Mit den neuen Maleffekten lassen sich in Photoshop CS5 schließlich nicht nur Fotos verfremden, sondern praktisch vom weißen Blatt weg vollkommen eigenständige Kunstwerke erstellen. Dazu hat Adobe ein neues Set an konfigurierbaren Pinselpitzen und neue Maleffekte eingeführt. Für ein authentischeres Malgefühl kann die Pinselspitze in einem kleinen Fenster eingeblendet werden - je nach Bewegung der Maus bzw. des Stifts am Zeichenboard wird auch die Bewegung der virtuellen Pinselborsten visualisiert.

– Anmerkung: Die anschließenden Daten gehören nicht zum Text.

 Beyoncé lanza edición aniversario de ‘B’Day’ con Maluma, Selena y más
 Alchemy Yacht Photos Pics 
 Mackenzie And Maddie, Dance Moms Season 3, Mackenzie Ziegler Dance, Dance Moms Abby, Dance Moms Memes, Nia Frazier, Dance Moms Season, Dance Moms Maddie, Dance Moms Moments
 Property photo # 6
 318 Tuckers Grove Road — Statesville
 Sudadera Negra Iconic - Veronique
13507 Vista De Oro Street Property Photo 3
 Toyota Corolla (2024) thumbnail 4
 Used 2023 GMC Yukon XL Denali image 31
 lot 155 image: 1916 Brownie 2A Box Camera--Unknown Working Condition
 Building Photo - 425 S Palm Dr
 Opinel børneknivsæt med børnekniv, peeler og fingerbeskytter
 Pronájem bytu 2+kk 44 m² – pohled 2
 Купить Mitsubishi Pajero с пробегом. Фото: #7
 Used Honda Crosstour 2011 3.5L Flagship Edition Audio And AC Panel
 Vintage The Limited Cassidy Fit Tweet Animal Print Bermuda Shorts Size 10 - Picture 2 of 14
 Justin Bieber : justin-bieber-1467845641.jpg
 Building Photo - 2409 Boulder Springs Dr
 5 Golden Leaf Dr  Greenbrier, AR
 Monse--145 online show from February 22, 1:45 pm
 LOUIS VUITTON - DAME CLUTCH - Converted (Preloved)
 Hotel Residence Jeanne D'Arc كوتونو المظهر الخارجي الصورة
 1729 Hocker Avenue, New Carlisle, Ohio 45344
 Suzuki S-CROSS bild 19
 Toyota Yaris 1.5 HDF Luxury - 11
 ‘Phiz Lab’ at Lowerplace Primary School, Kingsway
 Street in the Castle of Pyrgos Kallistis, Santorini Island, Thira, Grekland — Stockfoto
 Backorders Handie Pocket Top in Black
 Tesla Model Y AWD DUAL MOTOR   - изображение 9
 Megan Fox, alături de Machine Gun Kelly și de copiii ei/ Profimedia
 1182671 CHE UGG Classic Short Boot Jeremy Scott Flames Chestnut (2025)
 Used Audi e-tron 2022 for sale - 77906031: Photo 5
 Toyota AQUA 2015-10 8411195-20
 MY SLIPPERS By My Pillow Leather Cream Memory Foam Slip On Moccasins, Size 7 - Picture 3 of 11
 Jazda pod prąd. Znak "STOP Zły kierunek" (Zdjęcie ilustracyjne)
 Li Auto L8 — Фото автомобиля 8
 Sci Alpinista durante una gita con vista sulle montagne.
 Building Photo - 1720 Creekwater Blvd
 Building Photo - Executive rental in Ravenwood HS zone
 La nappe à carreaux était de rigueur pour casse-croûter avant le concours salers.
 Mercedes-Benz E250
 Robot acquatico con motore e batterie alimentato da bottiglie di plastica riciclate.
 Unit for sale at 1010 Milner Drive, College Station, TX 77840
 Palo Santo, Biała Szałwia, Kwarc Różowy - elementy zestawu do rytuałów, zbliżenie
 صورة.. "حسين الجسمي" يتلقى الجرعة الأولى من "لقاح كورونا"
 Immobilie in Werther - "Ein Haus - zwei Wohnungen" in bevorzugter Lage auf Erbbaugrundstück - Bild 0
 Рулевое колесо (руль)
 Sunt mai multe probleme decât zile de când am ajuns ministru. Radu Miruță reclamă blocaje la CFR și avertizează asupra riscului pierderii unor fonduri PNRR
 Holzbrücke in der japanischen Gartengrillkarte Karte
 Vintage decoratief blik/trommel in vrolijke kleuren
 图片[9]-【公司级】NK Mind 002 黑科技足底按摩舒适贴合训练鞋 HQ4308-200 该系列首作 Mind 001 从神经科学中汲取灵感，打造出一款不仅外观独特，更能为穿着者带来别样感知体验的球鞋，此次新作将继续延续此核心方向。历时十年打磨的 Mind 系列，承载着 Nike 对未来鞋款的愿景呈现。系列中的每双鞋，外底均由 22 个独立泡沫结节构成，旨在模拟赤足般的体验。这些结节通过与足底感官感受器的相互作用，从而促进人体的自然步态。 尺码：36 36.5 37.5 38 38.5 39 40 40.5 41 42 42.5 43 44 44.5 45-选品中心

Screenshot: Birgit Riegler

Länge, Dichte oder Steifheit der Borsten können selbst definiert werden. Optional können die Pinselspitzen trocken oder nass gewählt werden. Mit dem Mixer Brush Tool sollen sich die Farben zudem so verhalten, als würden sie nicht übereinander aufgetragen werden, sondern sich auf der digitalen Leinwand vermischen. 

Foto: Birgit Riegler

Bei nassem Pinsel und normalem Brush Tool scheinen die darunterliegenden Farben durch wie im Testbild oben zu sehen ist. Je öfter man über eine Fläche streicht, desto intensiver wird die Farbe. Bei nasser Pinselspitze und Mixer Brush verschmieren die Farben und laufen ineinander. Damit lassen sich relativ realistische Effekte erzielen. Wirklich vermischt werden die Farben allerdings nicht - wer also beispielsweise Blau und Gelb mixt, erhält nicht Grün. Diese Funktion könnte wohlmöglich in der nächsten Photoshop-Version Einzug halten.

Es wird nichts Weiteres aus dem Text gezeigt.